No maior porto do país, o de Santos, a capacidade de receber turistas mais do que duplicará com os investimentos. Na última temporada, o porto registrou o embarque e desembarque de 1,1 milhão de passageiros, com crescimento de 30% na comparação com o período anterior. Com as obras concluídas, até o fim de junho de 2013, Santos poderá receber 2,5 milhões de pessoas por temporada.
Apesar do otimismo do governo em ter as obras prontas em menos de dois anos, algumas complicações podem frustrar as expectativas, se não forem contornadas. Na semana passada, o Tribunal de Contas da União (TCU) paralisou a licitação para as obras do píer carioca, alegando indícios de irregularidades. A concorrência estava prevista para este mês. Para o TCU, há suspeita de sobrepreço de R$ 45 milhões. O tribunal pediu correções no edital para liberá-lo.

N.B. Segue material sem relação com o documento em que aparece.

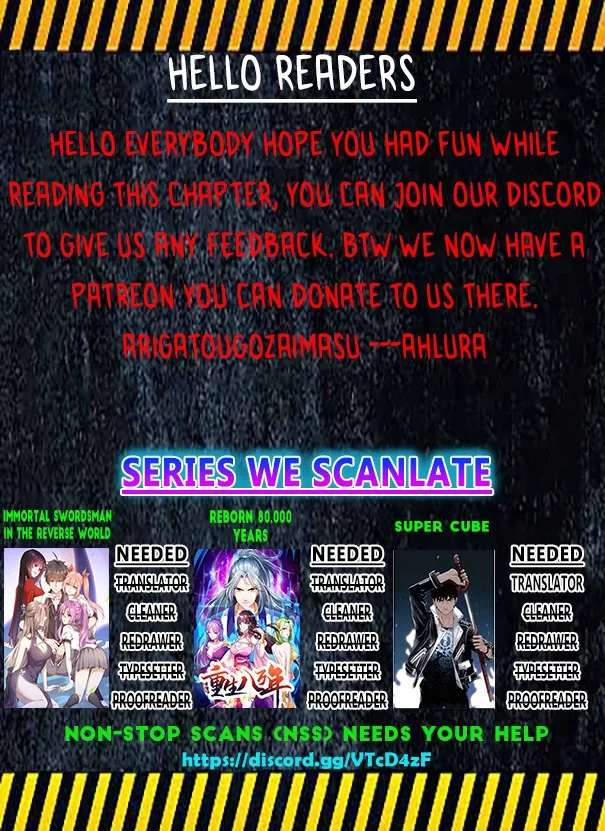 Immortal Swordsman in The Reverse World Chapter 29 page 24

Para a Associação Brasileira de Cruzeiros Marítimos (Abremar), os portos têm hoje uma estrutura “caótica” e “à base de improvisos” para receber os passageiros. Nos portos do Nordeste, segundo Márcia Leite, coordenadora de infraestrutura da entidade, os turistas desembarcam literalmente entre contêineres. “Por isso, recebemos com grande alegria as informações sobre esses projetos”, afirmou.
Márcia diz que lamenta o fato de que, com exceção de Salvador, nenhum dos projetos foi discutido com o setor. Mesmo assim, ela ressalta que não há evidências de que as reformas nos portos vão passar pelos atrasos que estão sendo verificados nos aeroportos. “Será um grande legado da Copa”, afirma.
As limitações de infraestrutura fizeram as operadoras de cruzeiros marítimos diminuir, pela primeira vez em vários anos, o número de navios na costa brasileira durante a próxima temporada. Serão 17 navios, segundo a Abremar, três a menos do que na alta temporada de 2010/2011.
Apesar dos elogios aos planos do governo, a associação tem duas preocupações envolvendo esses projetos. A primeira é sobre o que ocorrerá durante o período de obras, especialmente com os acessos às zonas portuárias. Márcia lembra que cada grande cruzeiro que atraca em Salvador, por exemplo, gera uma demanda de 20 ônibus lotados de turistas para conhecer a cidade. O temor é de que haja dificuldades com estacionamento, acesso viário e conforto até o torneio esportivo.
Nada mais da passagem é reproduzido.